Subcorpus not found - Advanced Wordlist search fail when adding any Text types

35 views
Skip to first unread message

Valdis Saulespurens

unread,
Oct 12, 2023, 8:18:08 AM10/12/23
to NoSketch Engine
All of our corpuses (at nosketch.lnb.lv) fail when using Advanced Wordlist search with any  Text type filters.

The error message is as follows:

Something went wrong…
Subcorpus "###8853811370775438242###" not found

  • Advanced Wordlist find works with regular find(words,lemmas)
  • Find Fails As soon as you add additional filters from any of Text types
Depending on corpus type we have author, title, firstPublished and other Text types, but all of them fail in Advanced Wordlist find filter.

The Subcorpus hash ###numbers###  error changes numbers depending on the type of filter you choose, but it always fails..

My hypothesis is that there is some issue with indexing possibly from incorrect configuration file?

What is puzzling that these same Text types filter WORK on Advanced concordance search.

Any ideas, maybe there are log files to inspect?

Sincerely,
   Valdis Saulespurens
Researcher National Library of Latvia


PSS Simple 4 core VPS - 16GB RAM
Ubuntu 18.04.1 LTS
Python 2.7.17
Python 3.6.9 - 

Crystal 2.14,
Bonito 4.24
Manatee 2.167

Tomáš Svoboda

unread,
Oct 12, 2023, 9:21:17 AM10/12/23
to NoSketch Engine, valdis.sa...@gmail.com
Dear Valdis,
I see that you are using more than three years old NoSketch, so it is not easy to give you good advice.

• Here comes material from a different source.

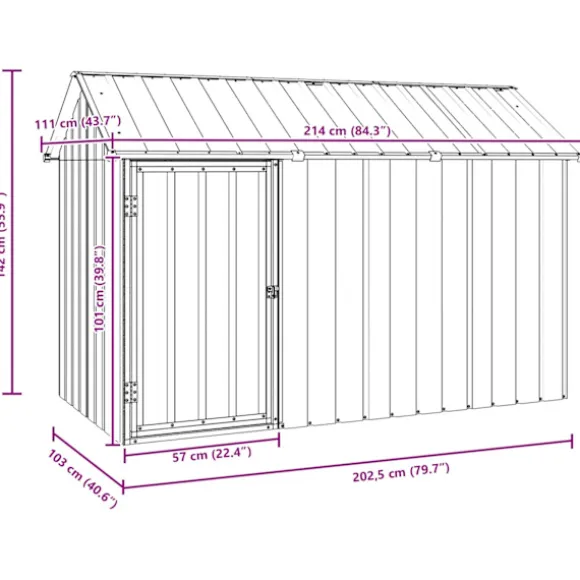 vidaXL Fuglebur Antracit 215 x 112 x 141 cm Galvaniseret stål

If you can, please, update your Manatee, Bonito and Crystal.

Anyway, my best quess is that your web server does not have permission to write to the subcorpus directory. The path to the directory is in the run.cgi in the "subcpath" variable.


Best regards!

Tomas
Dne čtvrtek 12. října 2023 v 14:18:08 UTC+2 uživatel valdis.sa...@gmail.com napsal:

Valdis Saulespurens

unread,
Oct 13, 2023, 8:14:53 AM10/13/23
to NoSketch Engine, tomas....@sketchengine.co.uk, Valdis Saulespurens
Thank you Tomas for advice!

We do plan to upgrade to latest  versions as soon as possible.

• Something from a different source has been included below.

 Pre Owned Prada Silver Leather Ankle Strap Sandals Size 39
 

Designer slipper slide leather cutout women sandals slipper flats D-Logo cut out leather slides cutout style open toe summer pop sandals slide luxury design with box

For the time being I checked run.cgi for Bonito


    # ConcCGI options
    _cache_dir = _data_dir + '/cache'
    _tmp_dir = _data_dir + '/tmp'
    subcpath = [_data_dir + '/subcorp/GLOBAL']
    gdexpath = [] # [('confname', '/path/to/gdex.conf'), ...]
    user_gdex_path = "" # /path/to/%s/gdex/ %s to be replaced with username


I did not define any gdex options because we are not using gdex.

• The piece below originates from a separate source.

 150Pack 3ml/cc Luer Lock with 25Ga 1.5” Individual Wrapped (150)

valdiss@nosketch:/var/lib/bonito$ ls -l
total 16
drwxr-xr-x 21 www-data www-data 4096 Oct 12 07:59 cache
-rw-r--r--  1 www-data www-data    0 Oct 20  2021 htpasswd
drwxr-xr-x  2 www-data www-data 4096 Oct 20  2021 jobs
drwxr-xr-x  2 www-data www-data 4096 Oct 20  2021 options
drwxr-xr-x  3 www-data www-data 4096 Oct 13 11:19 subcorp


It looks normal, I did notice there was no GLOBAL directory inside subcorp, so I made one and assigned ownership to www-data:www-data

valdiss@nosketch:/var/lib/bonito/subcorp$ mkdir GLOBAL
valdiss@nosketch:/var/lib/bonito/subcorp$ sudo chown -R www-data:www-data GLOBAL/
valdiss@nosketch:/var/lib/bonito/subcorp$ ls -l
total 4
drwxr-xr-x 2 www-data www-data 4096 Oct 13 11:19 GLOBAL

Restarted apache2 just in case.

Problem still persists, concordances Advanced search can use Text type filters, but Wordlist Advanced search can not.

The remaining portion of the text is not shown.